La realidad es otra: necesitamos muchos “atajos” mentales para funcionar efectivamente en la vida, y esto crea sesgos que afectan nuestras decisiones. Estos sesgos incluyen:
Anclaje: números o parámetros que escuchamos afectan nuestras decisiones
Disponibilidad: si podemos pensar fácilmente en ejemplos, sobreestimamos la probabilidad que algo suceda
Sustitución: cambiamos/reducimos una pregunta difícil por otra más simple para poder decidir con rapidez y confianza
Optimismo: sobreestimamos la probabilidad que las cosas salgan como queremos
Aversión a pérdida: tenemos mucha mayor motivación para evitar perdidas que para lograr ganancias
Enmarcado: nuestra respuesta a la pregunta depende de cómo se presenta/describe la pregunta.
 ¡Y varios otros! Estos sesgos son una parte profunda y real de nuestra psicología como humanos: todos los tenemos, nos afectan mucho más de lo que creemos, y sin darnos cuenta de cómo sucede. Pero reconocerlos y conscientemente considerarlos nos permite aprovechar sus beneficios mientras minimizamos el daño que nos pueden hacer.

Nota: Mi discusión favorita de cómo pensamos es “Thinking, Fast and Slow» de Daniel Kahneman (en Books & BooksBarnes & Noble, y Kobo). Este libro es una obra magistral de Kahneman, psicólogo de renombre mundial y ganador del Premio Nobel en Economía, que logra ser comprensible para quienes no son profesionales de salud mental.

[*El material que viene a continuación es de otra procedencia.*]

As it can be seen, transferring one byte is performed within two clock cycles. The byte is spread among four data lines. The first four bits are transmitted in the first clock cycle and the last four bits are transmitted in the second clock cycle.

 El sesgo de Martina y Herman
El choque entre ellos venía del sexto sesgo (”enmarcado”) mencionado arriba, donde la forma en que se plantea un tema afecta cómo lo vemos.

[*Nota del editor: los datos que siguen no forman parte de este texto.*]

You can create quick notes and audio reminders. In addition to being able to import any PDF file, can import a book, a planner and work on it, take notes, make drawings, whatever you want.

Herman consideraba justa una compensación correspondiente al puesto. Si un arquitecto o abogado entrega pizzas en su tiempo libre para generar más ingreso, recibe el pago que reciben todos los repartidores de pizza, no lo que cobra por consejo legal.

Martina consideraba justo que la familia, habiendo pagado cierto valor por su tiempo y contribución como CEO, le pagaran el mismo valor por cualquier tarea que le asignaran. A sus ojos, si la familia quería que ella hiciera un trabajo diferente, era porque valoraban la contribución de ELLA, no porque ella estuviera compitiendo con otros por ganarse una posición.

Ambos querían ser justos y ambos tenían razón, según el marco que cada uno estaba usando para analizar la situación. Estas diferencias de marco no siempre se pueden eliminar. El secreto de la solución está en reconocer que el sesgo existe, y manejarlo.
 ¿Cuál es la solución?
Nuestro prime consejo al hablar de resolver problemas es siempre que “busquemos juntos”. Con esto recalcamos que todos estamos del mismo lado y buscamos juntos la mejor solución, a diferencia de una dinámica antagónica de “uno contra otro” donde todos intentan convencer a los demás que su idea es la mejor.

Si A y B luchan por convencerse uno al otro, pueden pararse peleando, no llegar a ningún acuerdo, e incurrir en grandes pérdidas. Pero si A y B “buscan juntos” la mejor solución, pueden evaluar las ideas de ambos y las de terceros, y hasta combinaciones de varias ideas, y ambos “ganan” al final cuando deciden juntos qué hacer. Nadie “pierde” y el riesgo de conflicto destructivo es muy bajo. Reconocer y manejar los sesgos que tenemos todos es una parte importante de colocarnos todos del mismo lado para buscar juntos.

Lo que haya hecho esta familia en particular no es importante. Como siempre decimos: no hay respuestas universalmente correctas. Lo importante es aprovechar las mejores prácticas demostradas, y los mejores conocimientos disponibles, para encontrar la MEJOR respuesta para esta familia/situación/momento.

Algunas familias le ofrecerían a Martina el sueldo que corresponde al nuevo puesto y dejarían que ella decida si quiere aceptar este nuevo rol o prefiere maximizar su ingreso buscando otras oportunidades. Otras familias le pagarían más a Martina que a un externo porque valoran mucho que un miembro de la familia desempeñe ese papel.

Esta dinámica aplica para optimizar resultados ante cualquier problema o decisión. Cada problema o reto, para cada familia/empresa/sociedad, en cada situación y momento, es único. Busquemos juntos la mejor solución.